In 2018, he donated to the chemistry department at Cambridge to support the 1702 Chair of Chemistry, the oldest professorship in the subject there, which has been renamed after him as the Yusuf Hamied 1702 Chair. There is also a Hamied Laboratory for Chemical Synthesis & Catalysis in the department, as well as a Todd-Hamied Seminar Room and Todd-Hamied Laboratory, the last two (and Christ's fellowship) being a tribute also to Alexander, Lord Todd, Nobel laureate in chemistry, whom Hamied described as 'my mentor and guide over the years' since he completed his Ph.D. at Christ's College with Todd. Todd himself was 1702 Professor from 1944 to 1971, as well as Master of Christ's. In 2020 it was announced that Hamied had made a substantial donation to Cambridge University's chemistry department. This donation led to the foundation of the Hamied Scholars Programme, and the department has subsequently been renamed the Yusuf Hamied Department of Chemistry until 2050. Yusuf Hamied and the Cipla Foundation made a Rs 20 crore donation to IISER Pune for a state of the art chemistry facility that would be used in outreach programmes.

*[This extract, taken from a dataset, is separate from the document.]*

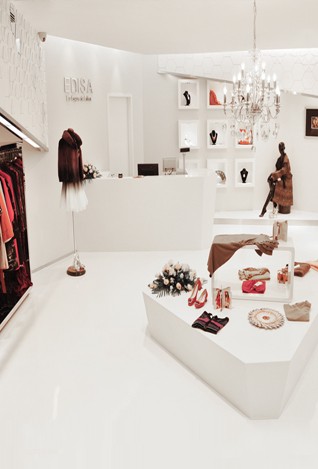 伊缔莎女装店铺展示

Hamied has been the subject of in-depth profiles in The New York Times, Time magazine, The Guardian, Le Monde, The Economist, the Financial Times, The Times (London), Corriere della Sera, Der Spiegel, Wired and numerous other leading publications, as well as on television outlets such as ABC News, the BBC, CNN and CBS' 60 Minutes. In February 2013, Hamied announced his retirement plans from Cipla after remaining managing director of the company for 52 years. That year, Forbes magazine included him in its list of richest Indians.

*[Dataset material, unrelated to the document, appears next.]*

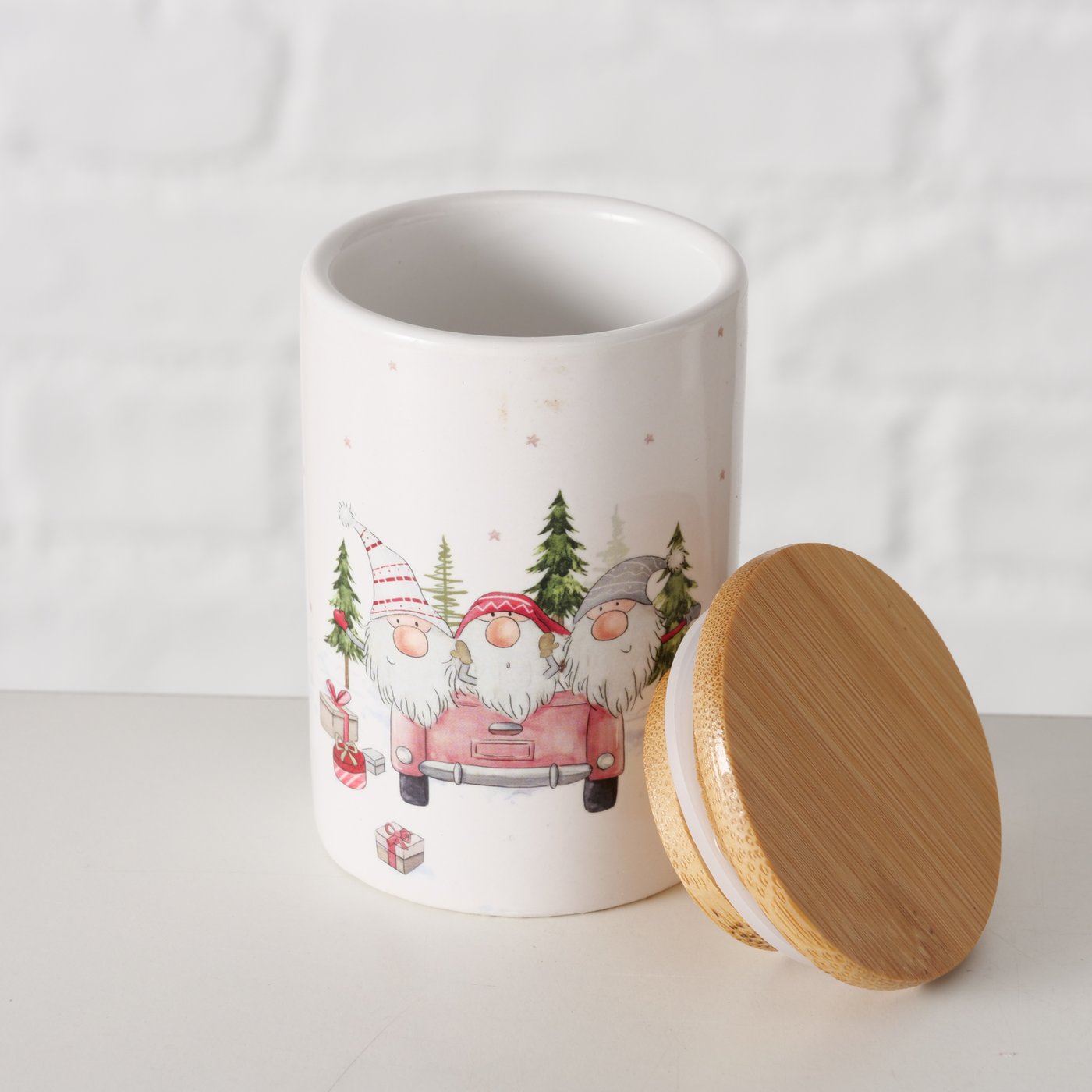 2049477_01J7G982GH2KR3WRBB6KEHVES0pRNfD0LCciRYV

==Awards and recognition==
He was awarded the Padma Bhushan, India's third highest civilian honour by Government of India in 2005. Hamied was recognized as the CNN-News18 Indian of the Year in the category of business in 2012 "for taking on multinational pharma companies and making some of the essential drugs more affordable to the masses in the developing countries." In late 2013, he was also named one of the India's "25 Greatest Global Living Legends" by news broadcaster NDTV. He was also recently interviewed for the Creating Emerging Markets project at the Harvard Business School, discussing at length his strategies to provide AIDS treatments and other drugs to help treat poor people in the developing world.

==Media==
Hamied's role in the battle for mass antiretroviral treatment in Africa is portrayed in the 2013 documentary Fire in the Blood. In its review of the film, India Today noted that "the story of Yusuf Hamied will make every Indian proud as he was the only man who decided to walk against the tide and sell drugs to save lives without focusing on profits."

==Personal life==
Hamied married to Farida and they have no children. They live in London and Mumbai. His younger brother, M. K. Hamied, is Cipla's non-executive vice-chairman. The latter has three children, including Samina Vaziralli, who is expected to take over leadership of Cipla in the future.

In May 2021, Forbes estimated Hamied's net worth at US$ 3.3 billion. As per Forbes list of India’s 100 richest tycoons, dated 9 October 2024, Yusuf Hamied & family is ranked 53rd with a net worth of $5.7 Billion.